• **REQUIRED WORK**
What the answer must hold is the line containing "Olivia Munn photo 21 of 1075" and all lines after it through the end of the listing, copied exactly, with pictures left out.

• **EXERCISE INPUTS**

-----

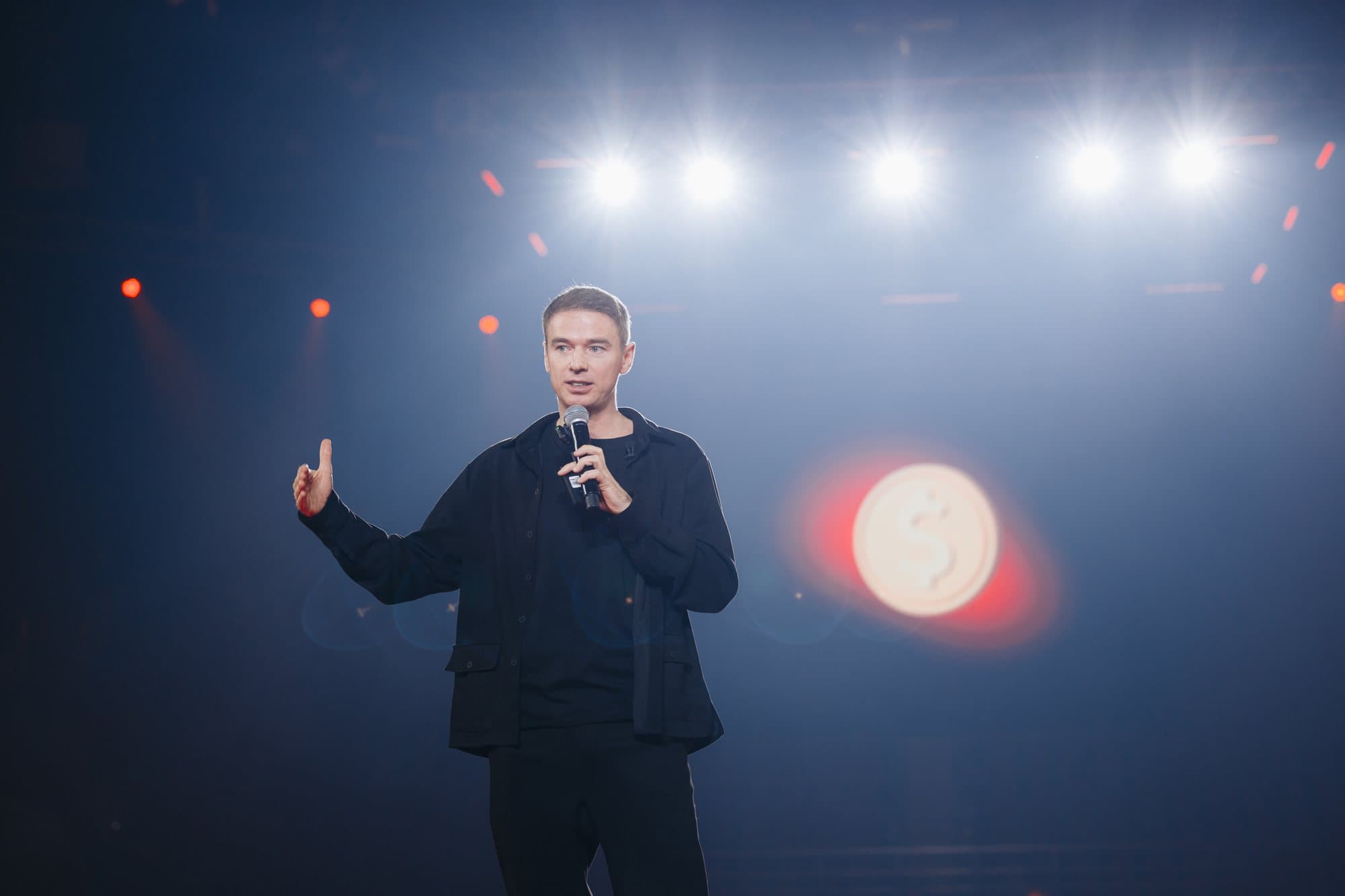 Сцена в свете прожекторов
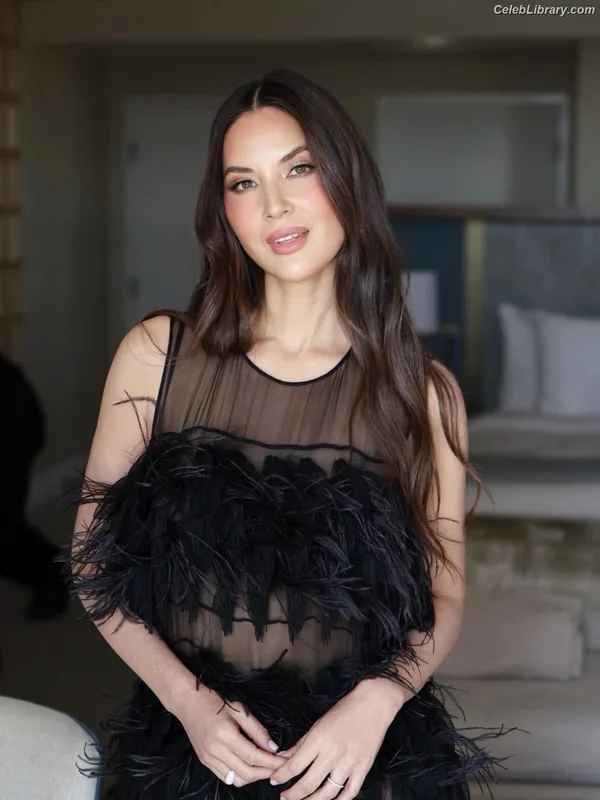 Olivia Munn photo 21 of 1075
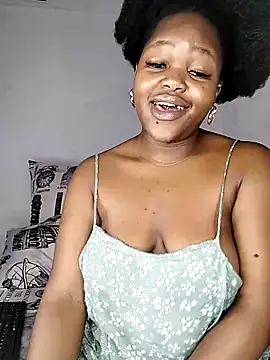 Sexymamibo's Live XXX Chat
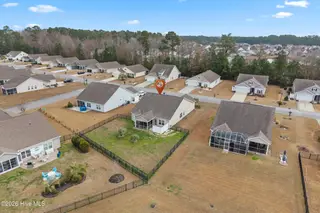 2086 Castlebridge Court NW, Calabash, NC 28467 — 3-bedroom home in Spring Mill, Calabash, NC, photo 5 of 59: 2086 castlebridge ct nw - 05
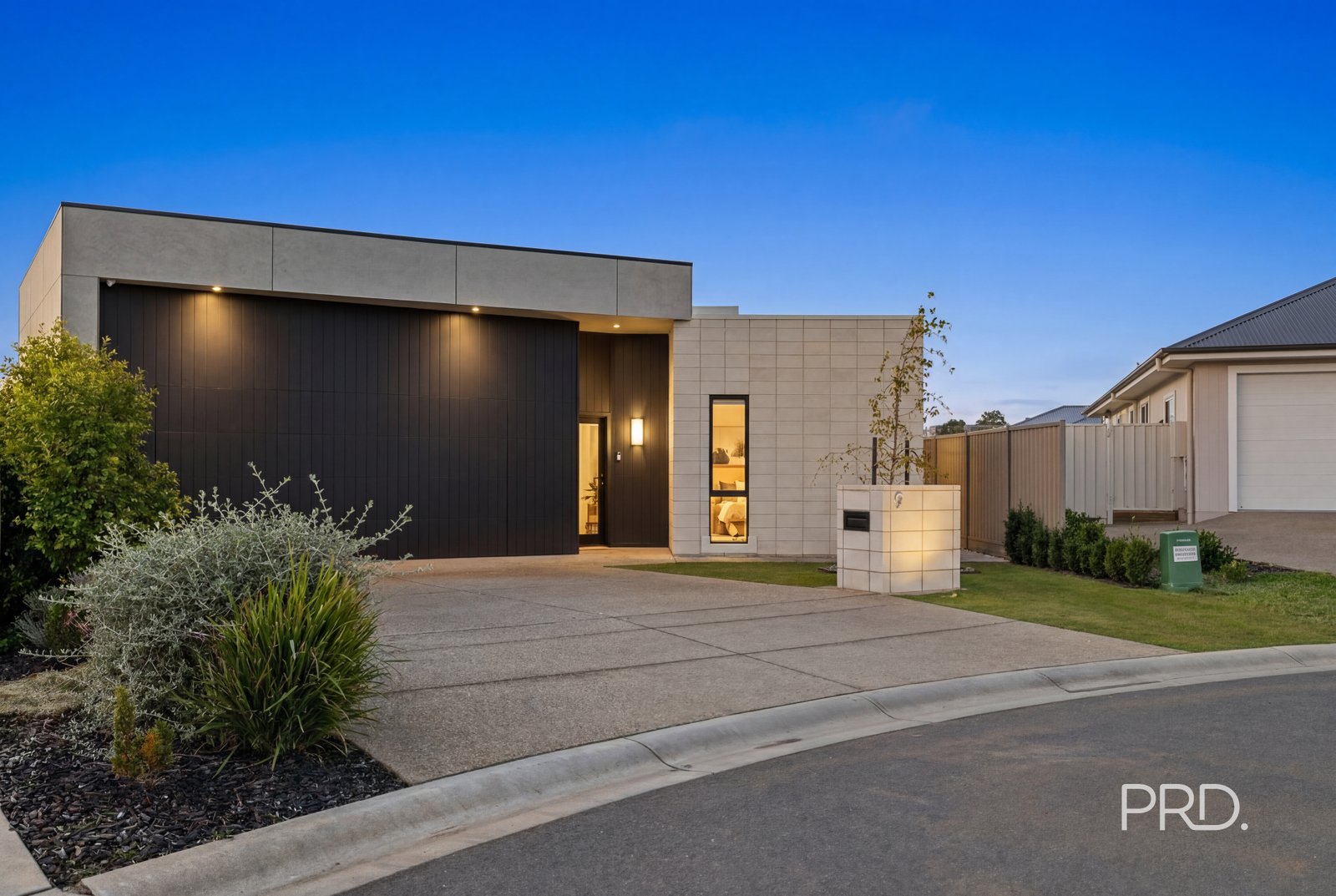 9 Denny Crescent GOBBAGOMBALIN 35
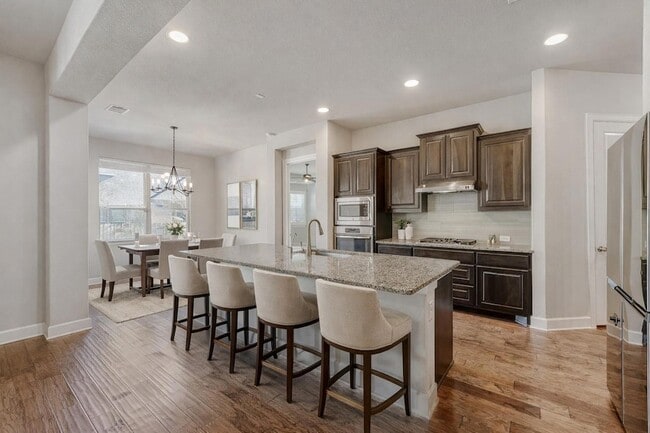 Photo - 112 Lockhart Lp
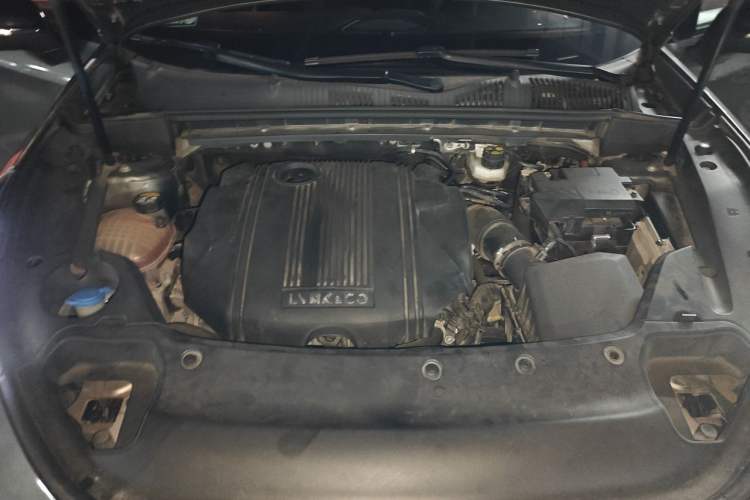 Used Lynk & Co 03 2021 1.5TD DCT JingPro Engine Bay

-----

• **ANSWER**
 Olivia Munn photo 21 of 1075
 Sexymamibo's Live XXX Chat
 2086 Castlebridge Court NW, Calabash, NC 28467 — 3-bedroom home in Spring Mill, Calabash, NC, photo 5 of 59: 2086 castlebridge ct nw - 05
 9 Denny Crescent GOBBAGOMBALIN 35
 Photo - 112 Lockhart Lp
 Used Lynk & Co 03 2021 1.5TD DCT JingPro Engine Bay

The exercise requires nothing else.